La rencontre avec Daniele Finzi Pasca il y a quelques années était écrite dans le ciel. L’homme de théâtre italo-suisse possède une sensibilité et une poésie qui ont suscité un écho plus que favorable auprès des fondateurs du Cirque. De leur amitié allait naître une trilogie à nulle autre pareille. En ces temps où seul le bonheur extrême a la cote, ça fait du bien de se promener entre le rire et les larmes… «Nebbia – qui signifie “brouillard” en italien – est plus tragicomique que les deux autres spectacles. Plus personnel, plus nostalgique», raconte le metteur en scène, qui n’a dormi que trois heures la nuit dernière. «C’est une fable onirique inspirée du brouillard qui envahissait parfois le petit village où habitait ma grand-mère, dans la plaine du Pô. J’y entrevoyais des choses étranges. Des choses qu’on ne voit pas normalement…»

La répétition est terminée. Les artistes dînent dans un petit local spécialement aménagé pour eux. Les fruits et les légumes figurent à la place d’honneur sur la table. Qu’on se le dise, on ne devient pas acrobate en ingurgitant de la malbouffe!
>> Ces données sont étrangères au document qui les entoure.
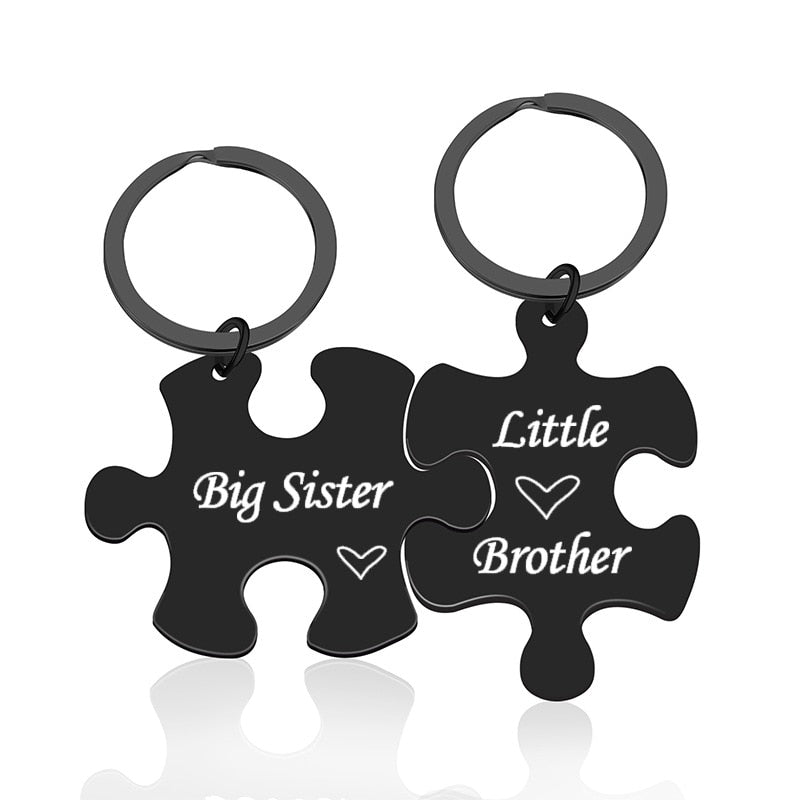 2022 Stainless Steel Key Chain Big Sister Key Ring Black Puzzle Pendant Necklace Family Gift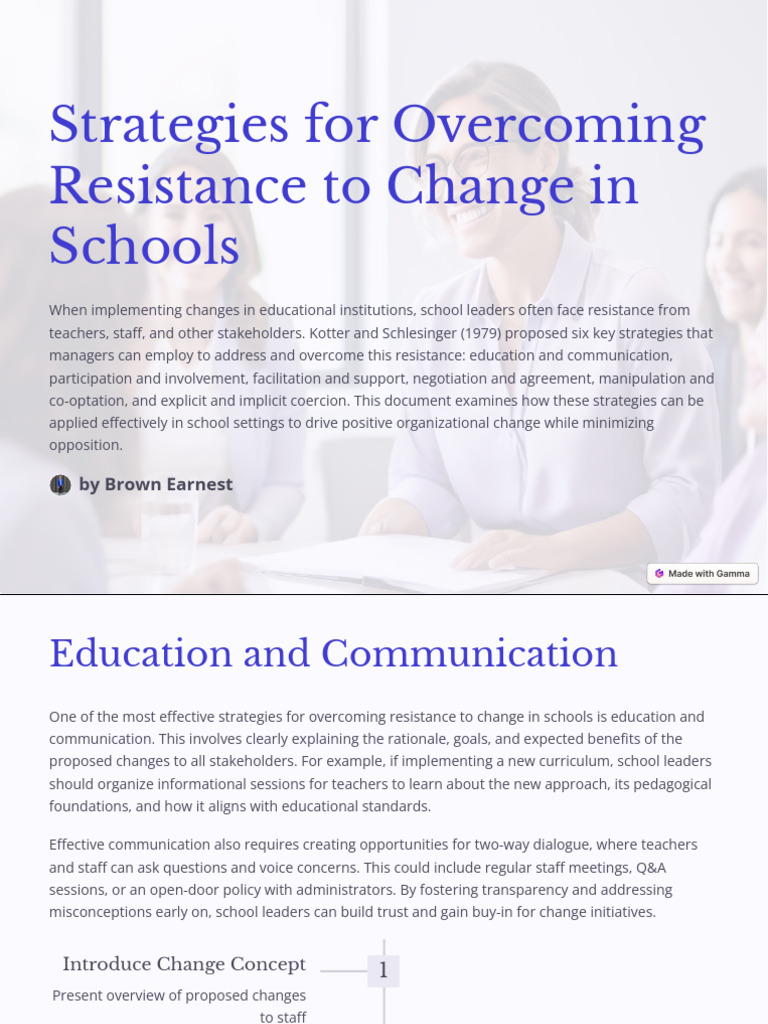 Overcoming Change Resistance in Schools | PDF | Change Management ...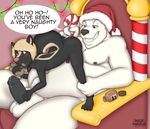  age_difference anthro balls bear blush candy candy_cane christmas circumcised cum cum_string dialogue english_text erection food grin hat holidays improvised_dildo improvised_sex_toy leg_grab male mammal moobs morhlis mostly_nude nude on_top on_top_of open_mouth overweight overweight_male partially_retracted_foreskin penis polar_bear reclining santa_hat signature size_difference skunk speech_bubble straddling text uncut 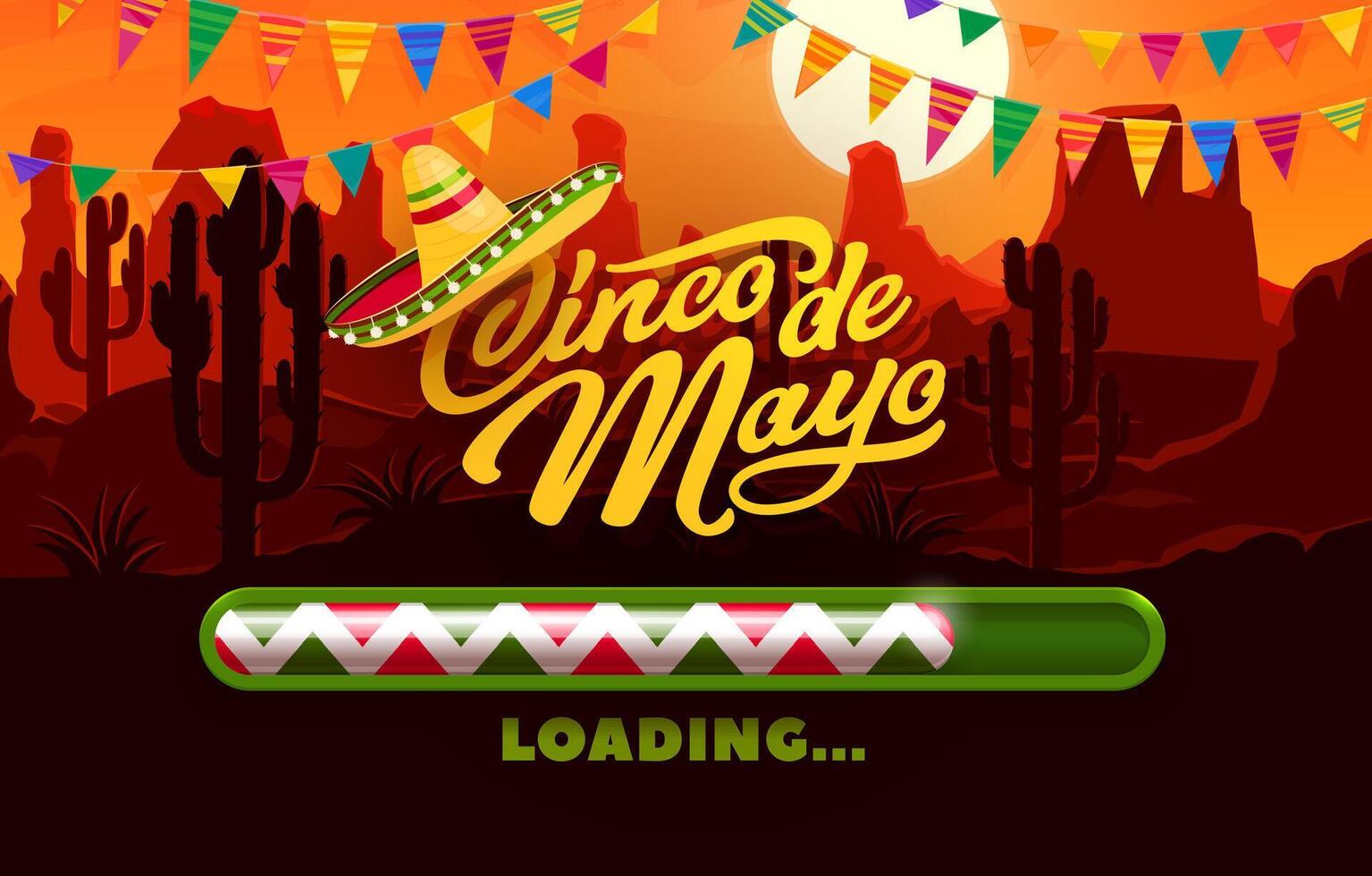 Cinco de Mayo mexican holiday loading banner vector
Les échanges sont conviviaux, même si la troupe est composée d’artistes de sept nationalités différentes. Tout le monde baragouine quelques mots d’une autre langue. Il y a là quelque chose d’émouvant à constater de visu que le cirque abolit les frontières.

Les spectateurs qui assistaient à la première ont longuement ovationné la troupe. Je m’en voudrais de dissiper le brouillard et de vous dévoiler à quoi ressemble le spectacle. Mais si la poésie dont est nimbé Nebbia ne vous tire pas une larme, je me mets au hula-hoop à six cerceaux, c’est juré!